Roberto Accurso en Officier dispose d’un grave charnu et bien ancré. Il chante avec énergie, mais la phrase s'avère écourtée et essoufflée. William Morgan est un Commissaire à la voix leste, mince et serrée dans les hauteurs. La justesse n'est pas toujours au rendez-vous et la voix ne semble pas compatible avec le rôle d'une autorité révolutionnaire.
Dans l'obscurité de la nuit en prison, le Geôlier Alessio Verna prononce le verdict du tribunal d'une voix sombre et dramatique. Bien que la projection soit réservée et en retrait devant l'orchestre, il fait preuve d'une solide préparation et précision. Andrii Ganchuk en Thierry/Javelinot est un baryton étoffé mais manque de stabilité dans l'intonation.

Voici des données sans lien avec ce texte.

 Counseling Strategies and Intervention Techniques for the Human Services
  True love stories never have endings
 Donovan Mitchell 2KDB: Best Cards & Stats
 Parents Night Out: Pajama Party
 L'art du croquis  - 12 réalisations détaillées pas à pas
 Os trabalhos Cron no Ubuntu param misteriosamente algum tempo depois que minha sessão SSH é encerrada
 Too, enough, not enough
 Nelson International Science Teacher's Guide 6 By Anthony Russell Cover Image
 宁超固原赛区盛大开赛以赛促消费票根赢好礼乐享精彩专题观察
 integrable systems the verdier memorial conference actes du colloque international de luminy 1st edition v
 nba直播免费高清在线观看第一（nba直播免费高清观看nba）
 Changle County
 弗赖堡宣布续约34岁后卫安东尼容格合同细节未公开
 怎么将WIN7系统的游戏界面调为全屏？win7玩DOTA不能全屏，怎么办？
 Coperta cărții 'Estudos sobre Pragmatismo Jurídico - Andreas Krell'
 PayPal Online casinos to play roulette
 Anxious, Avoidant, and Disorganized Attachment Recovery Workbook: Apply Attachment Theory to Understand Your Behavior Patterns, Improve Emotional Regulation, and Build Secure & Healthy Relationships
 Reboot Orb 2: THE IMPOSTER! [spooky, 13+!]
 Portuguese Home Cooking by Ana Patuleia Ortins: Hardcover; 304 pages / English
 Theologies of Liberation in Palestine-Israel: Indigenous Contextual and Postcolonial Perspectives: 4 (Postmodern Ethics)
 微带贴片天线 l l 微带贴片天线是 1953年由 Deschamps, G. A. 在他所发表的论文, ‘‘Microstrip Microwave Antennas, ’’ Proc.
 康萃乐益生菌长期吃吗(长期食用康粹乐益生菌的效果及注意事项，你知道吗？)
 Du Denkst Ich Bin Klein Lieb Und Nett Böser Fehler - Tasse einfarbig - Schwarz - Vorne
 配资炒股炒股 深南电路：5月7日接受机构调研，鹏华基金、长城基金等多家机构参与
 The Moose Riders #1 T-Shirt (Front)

Deux Carmélites sont issues du programme "Fabbrica" pour les jeunes chanteurs : Irene Savignano (Mère Jeanne de l'Enfant-Jésus) arbore un instrument vigoureux au timbre rond et chaleureux, quoique la prononciation ne déploie pas encore d’éloquence, tandis que Sara Rocchi en Sœur Mathilde manque encore d'assurance dans ses aigus clairs et tremblants.
Les choristes entonnent les prières (Ave Maria) avec douceur et finesse, malgré un ample vibrato qui nuit à l'intonation, tandis que les hommes colorent ce drame tragique, soit avec violence soit avec légèreté.

Pour ses débuts dans son nouveau poste, Michele Mariotti montre son ambition et le savoir-faire d'un chef avant tout orchestral. Soucieux d'élargir non seulement son répertoire lyrique, mais d'explorer le champ symphonique avec cette même phalange, il donne à l'orchestre une monumentalité sonore qui impressionne l'auditoire, mais en même temps éclipse les solistes sur scène. Les interludes représentent ainsi pleinement l’espace symphonique dessiné, tissant avec finesse des harmonies élégantes et caressantes ou tonnant solennellement avec des cuivres (les cors notamment). Ces caractères parviennent à leur point d’orgue dans le finale poignant qui débute en pizzicato très pointu et sonore.
Le public romain applaudit fortement les artistes et le chef Mariotti en particulier.